O Decreto nº 9.724, de 7 de outubro de 2020, foi alterado por meio do Decreto nº 10.853, de 19 de janeiro de 2026, com a adição de uma nova alínea no parágrafo único do Art. 5º. A principal mudança é a inclusão do setor extrativista mineral entre as atividades econômicas que podem se beneficiar de certas exceções para o uso do crédito outorgado, desde que atendam aos requisitos .

 

DECRETO ATUALIZADO

O GOVERNADOR DO ESTADO DE GOIÁS, no uso de suas atribuições constitucionais, com fundamento no inciso IV do art. 37 da Constituição do Estado de Goiás e no art. 4º das Disposições Finais e Transitórias da Lei nº 11.651, de 26 de dezembro de 1991, Código Tributário do Estado de Goiás – CTE, também em atenção ao Processo nº 202500004117368,

DECRETA:

Art. 1º O Decreto nº 9.724, de 7 de outubro de 2020, passa a vigorar com a seguinte alteração:

Art. 5º É vedada a utilização do crédito outorgado previsto no art. 4º:

I – por estabelecimento beneficiário dos Programas FOMENTAR ou PRODUZIR, bem como por beneficiário de seus subprogramas, observado o disposto no art. 22;

II – por estabelecimento já implantado até a data de publicação deste Decreto, salvo quanto aos projetos de ampliação e revitalização referidos nos incisos II e III do caput do art. 3º e quanto à hipótese prevista no art. 22;

III – por estabelecimento que produza:

a) álcoois derivados da cana-de-açúcar;

b) artefatos de madeira, exceto móveis e outros produtos com elevado grau de industrialização; e

c) café torrado, moído ou não, exceto o produto embalado a vácuo;

IV – por estabelecimentos relativos à construção civil;

V – por estabelecimento gerador de energia elétrica; e

VI – nas operações com produtos resultantes:

a) do beneficiamento elementar ou primário dos que são de origem vegetal, animal ou extrativa mineral;

b) do abate de animais em estado natural ou simplesmente resfriados ou congelados, ainda que sejam embalados a vácuo;

c) da fabricação, por encomenda e em pequena escala, de móveis, esquadrias e utensílios de madeira (marcenarias), esquadrias e utensílios de metal (serralherias) e de artefatos e lajes de cimento, concreto ou gesso;

d) da preparação local de partes ou peças empregadas nos processos de conserto, restauração ou recondicionamento de máquinas, aparelhos e objetos usados;

e) do fornecimento, diretamente ao consumidor final, de produtos alimentares (bares, confeitarias, padarias, restaurantes, sorveterias e estabelecimentos similares); e

f) de simples acondicionamento ou reacondicionamento de mercadoria.

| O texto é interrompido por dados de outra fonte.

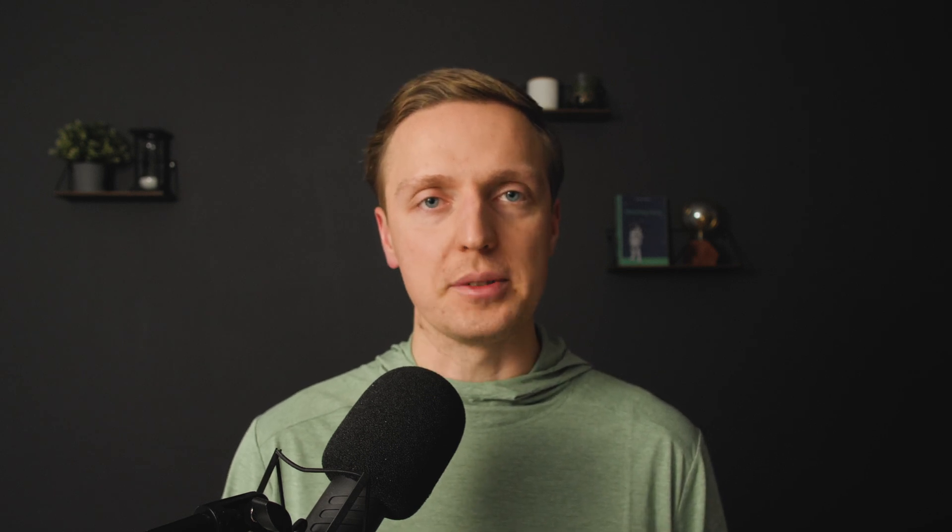NgModel is not used that often on its own. Where it really shines is in building forms using template-driven forms inside Angular. Angular supports both template forms and reactive forms. The better approach is reactive forms with RxJS. Template forms were introduced to ease migration from AngularJS (Angular 1) to Angular 2, but they are quite limited since the whole form configuration lives in the template rather than the component.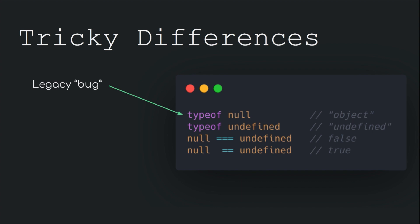Also null triple equals to undefined gives us false as they are both different types. But null double equals to undefined gives true due to type coercion. If you do not know about type coercion, do subscribe to our channel as we are soon planning another video on the topic too.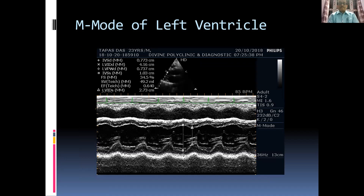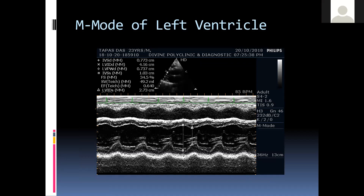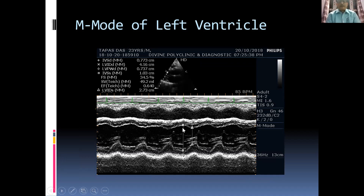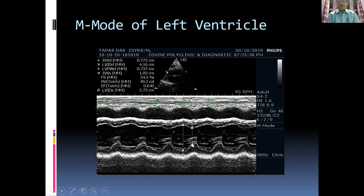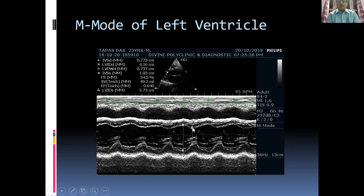The septum is measured in diastole when the LV opens to its maximum extent, from leading edge to leading edge. The posterior wall is also measured from leading edge to leading edge. The LV internal diameter in diastole is measured from here to here, and in systole from the lowermost part of the interventricular septum to the corresponding point on the LV posterior wall — not the highest point. You must drop a perpendicular from the lowest point to the corresponding point on the posterior wall.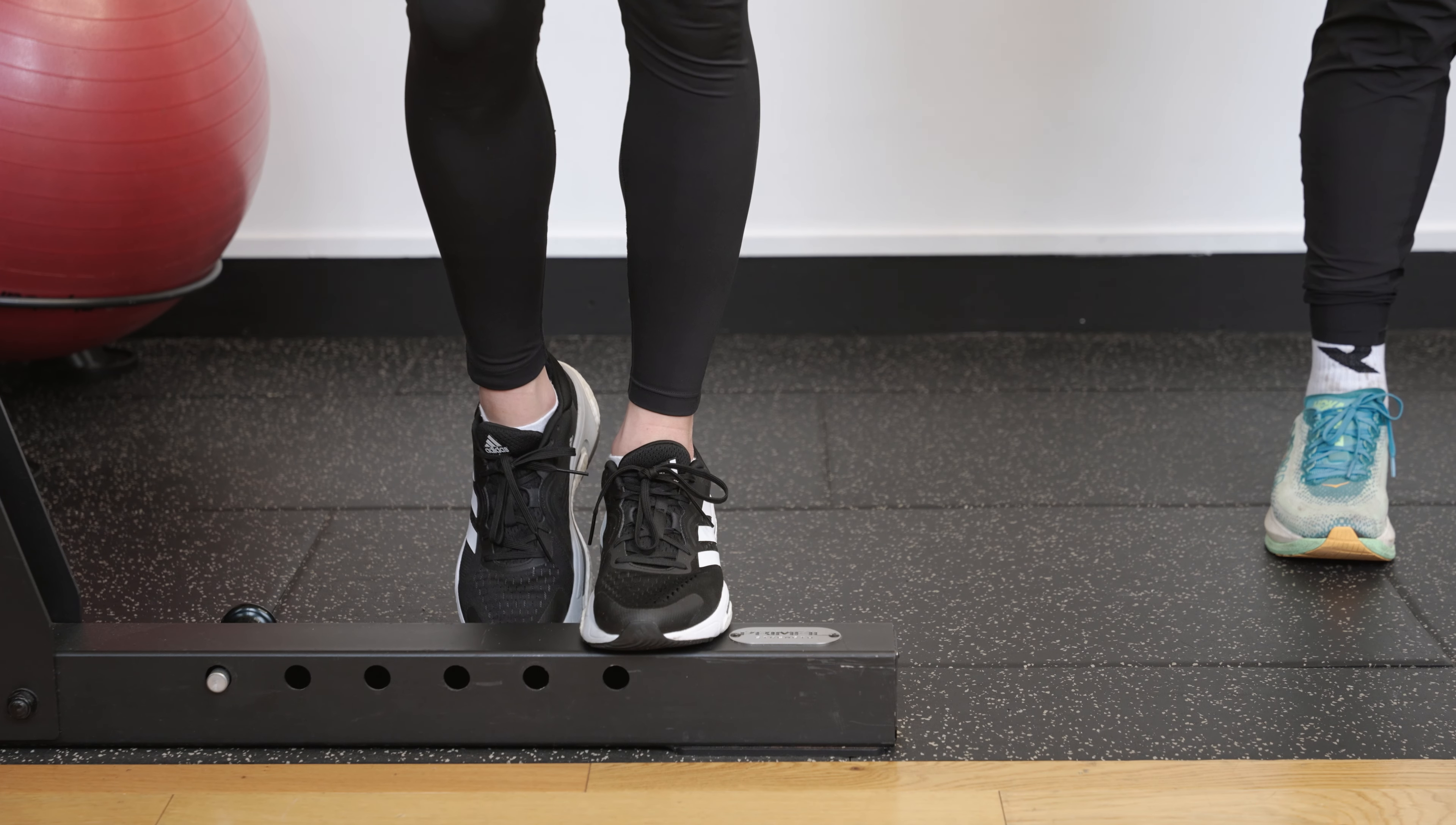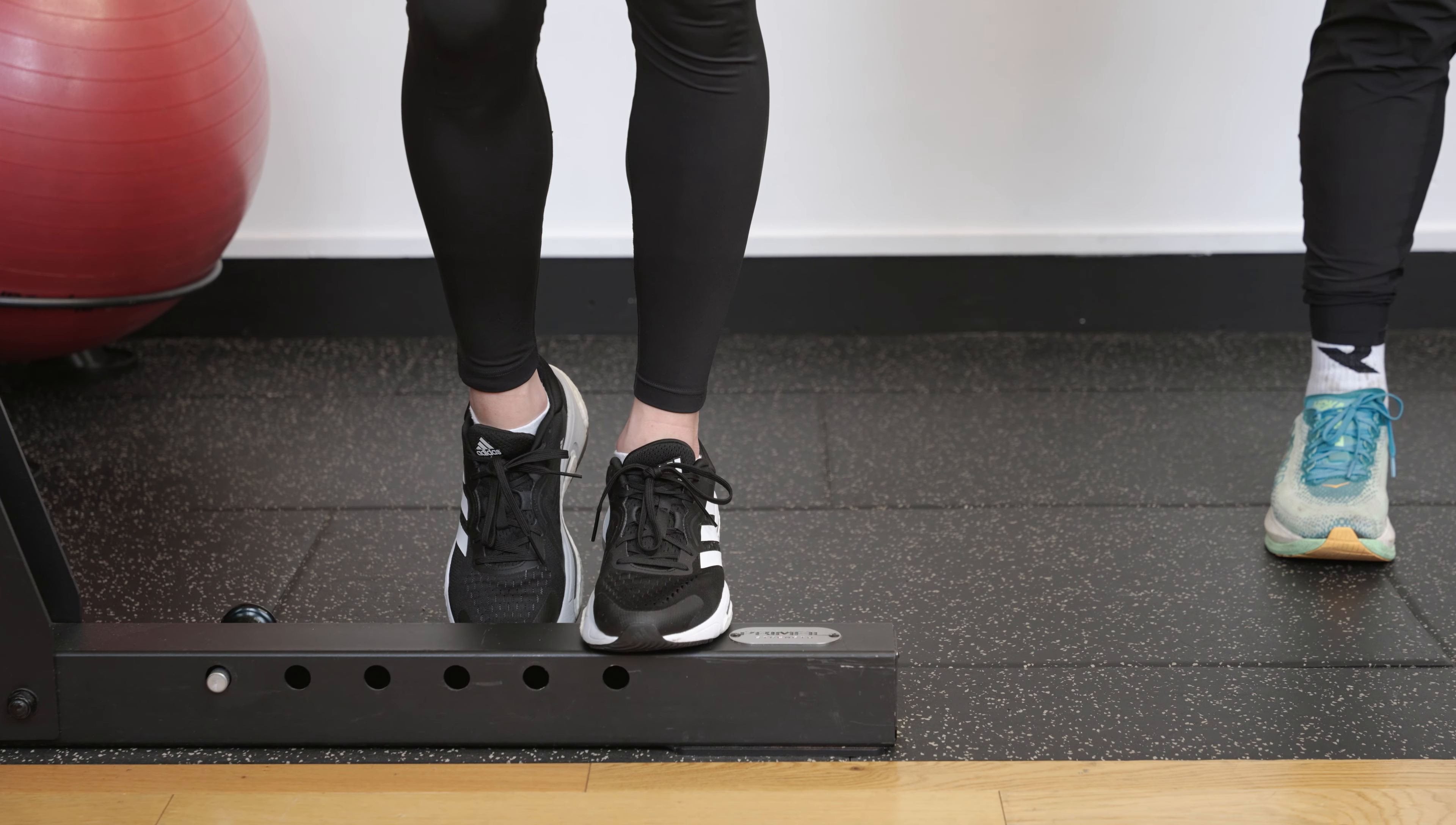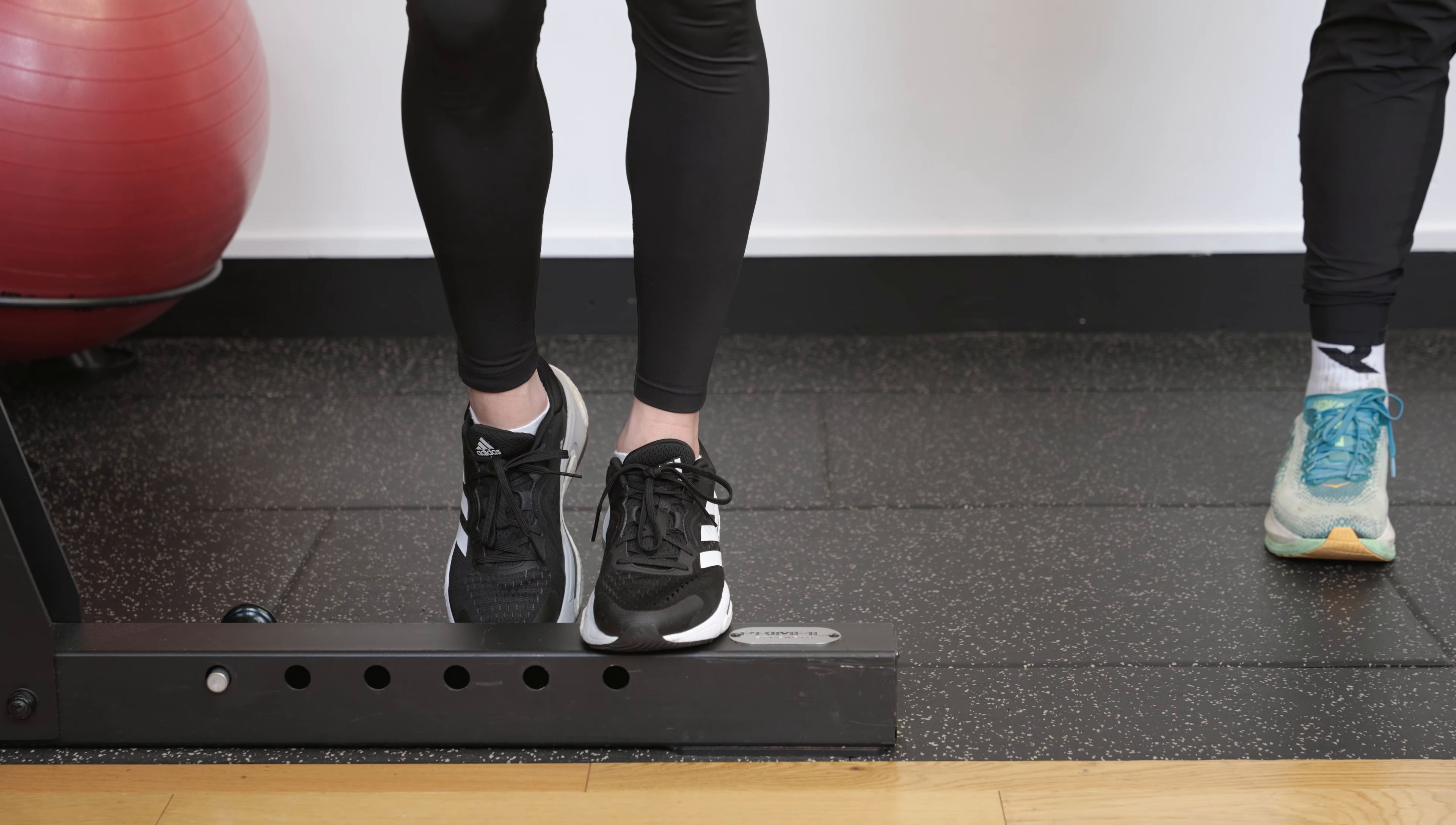Before we work through the movement, Steph's going to create as big a bend as she can in her left knee while keeping the foot flat.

Parágrafo único. A vedação de que trata este artigo não se aplica:

I – à industrialização (beneficiamento) dos produtos a seguir discriminados, realizada por estabelecimento produtivo industrial que utilize equipamentos e tecnologia modernos e avançados, visando à integração tecnológica, à competitividade, à verticalização e à sustentabilidade do processo produtivo:

a) arroz produzido neste Estado;

b) aves;

c) peixes; e

d) suínos; e

II – a estabelecimento industrial de segmentos econômicos a seguir especificados, desde que realize o aproveitamento de cadeia produtiva existente no Estado de Goiás e promova o processamento ou aproveitamento integral ou acentuado da matéria-prima, preferivelmente local, inclusive dos subprodutos resultantes da industrialização, bem como, se for o caso, o reaproveitamento dos resíduos industriais:

a) setor alcooleiro;

b) setor cafeeiro; e

c) setor de abate de animal

d) SETOR EXTRATIVISTA MINERAL. (Alínea acrescentada pelo Decreto Nº 10853 DE 19/01/2026).

Art. 2º Este Decreto entra em vigor na data de sua publicação.

Goiânia, 19 de janeiro de 2026; 138º da República.